Most experiments on lightness perception have examined human observers' lightness matches in scenes that were carefully designed so that different models predicted different lightness percepts. Here we take the novel approach of measuring classification images to evaluate models of lightness perception (Ahumada,
2002; Murray,
2011; Volterra,
1930). Classification images measure the influence that local stimulus regions have on an observer's responses in a perceptual task, and so they provide information about what image features guide perceptual judgments. They are a psychophysical version of methods that are called
reverse correlation or
spike-triggered averaging in the neurophysiological literature (Ringach & Shapley,
2004). While most often used to study spatial vision, classification images provide a flexible experimental tool for identifying important features in a variety of domains, such as the perception of illusory contours (Gold, Murray, Bennett, & Sekuler,
2000), facial expressions (Kontsevich & Tyler,
2004), and translucency (Nagai et al.,
2013). Different theories of lightness perception identify different image features as being crucial to computing lightness percepts, so classification images should provide a powerful way of testing these theories. In the domain of brightness perception, classification images have been used to examine simultaneous contrast effects (Shimozaki, Eckstein, & Abbey,
2005). Here we use classification images to examine more complex stimuli where lightness percepts may depend on scene structures such as lighting boundaries.

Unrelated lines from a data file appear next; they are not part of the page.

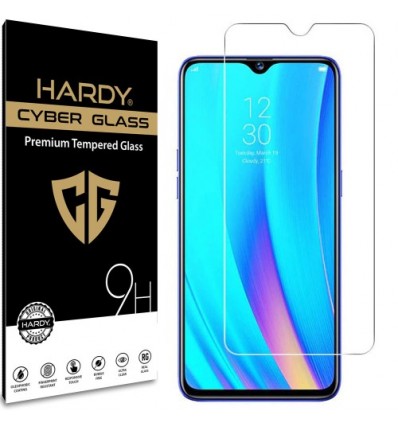 OPPO Reno 3 Folie protectie din Sticla HARDY securizata Transparenta 9H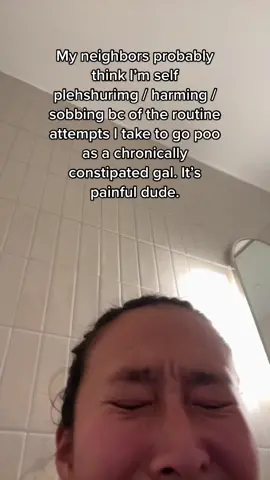 Is taking an easy 💩 too much to ask? Apparently.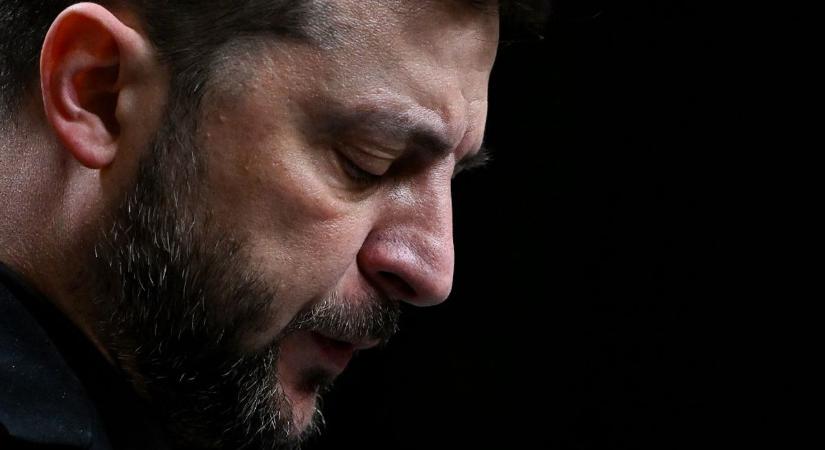 Elszólta magát Zelenszkij párttársa: már nem sokáig bírják az ukránok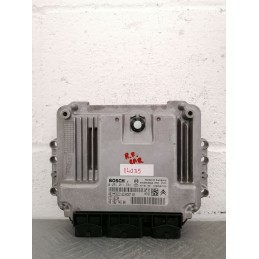 CENTRALINA MOTORE CITROEN C5 1.6 HDI DEL 2005  2400000065548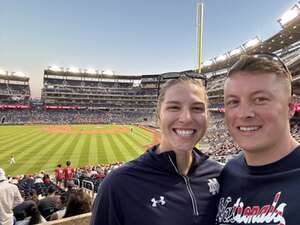 Washington Nationals - MLB vs Miami Marlins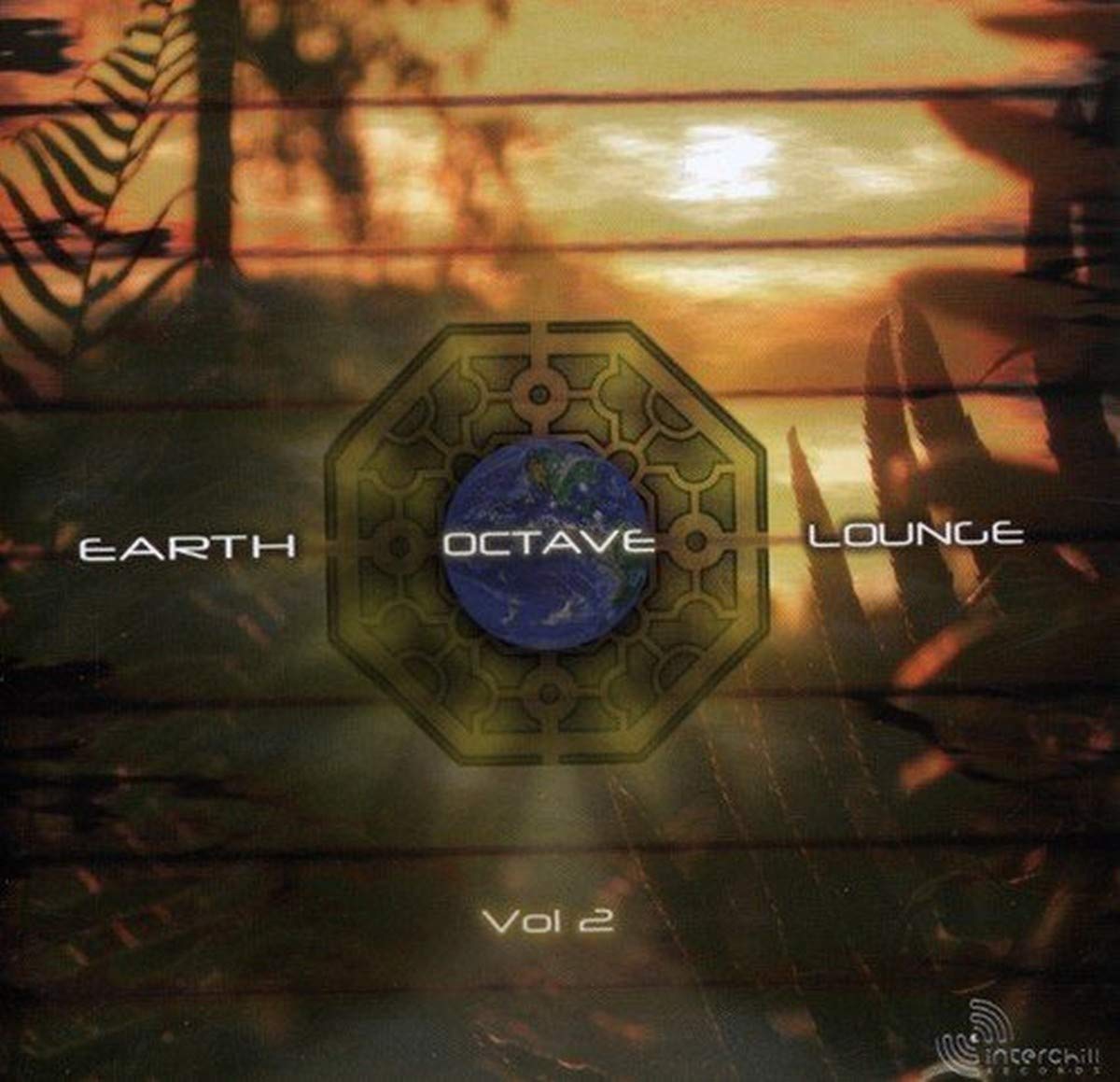 Earth Octave Lounge Vol. 2 [Audio CD] Various Artists (Collections)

We use the argyle illusion (Adelson,
1993;
Figure 1A) as a test case for evaluating models of lightness perception. In this illusion, one region (
Figure 1A, diamond A) appears lighter than another (diamond B) even though they are of the same physical luminance. We chose the argyle illusion as our “fruit fly” because it is one of the strongest known lightness illusions, and one which has consistently resisted explanations by low-level models (e.g., Blakeslee & McCourt,
2012). Therefore, it poses a difficult and interesting problem for modeling visual perception, and understanding it may reveal general principles of lightness constancy.
Adelson (
1993) explains the argyle illusion in terms of zones of uniform lighting—or, in the terminology of Gilchrist et al. (
1999),
lighting frameworks. In
Figure 1A, diamond A appears to belong to a dimmer lighting framework than B, yet it has the same luminance; Adelson suggests that, from this, the visual system infers that A has a higher reflectance than B. Adelson further suggests that lighting frameworks in the argyle illusion are determined by nonreversing X-junctions at the boundaries between light and dark columns, which create a percept of dark, vertical shadows or semitransparent filters (Beck et al.,
1984). Indeed, if the X-junctions are destroyed by splitting apart the columns (
Figure 1B, the
broken argyle), observers report a much smaller lightness difference between diamonds A and B.
In the present study, we investigate how human observers perceive and process the argyle illusion, and we compare human behavior to four computational models. We compare the strength of the argyle illusion for human and model observers, and we also compare the critical image features for human and model observers, using classification images to determine what image features influence observers' lightness judgments most strongly. Our results show that human observers' lightness judgments depend strongly on the luminances in the immediate neighborhood of the test patches being judged, in a way that tracks the boundaries of local lighting frameworks. Interestingly, none of the models that we tested are able to both replicate the argyle illusion and produce classification images that are even qualitatively similar to those from human observers. These findings show that making progress with computational models of lightness perception will require a better understanding of how lighting frameworks are established and of how the luminance of elements within lighting frameworks contributes to lightness percepts.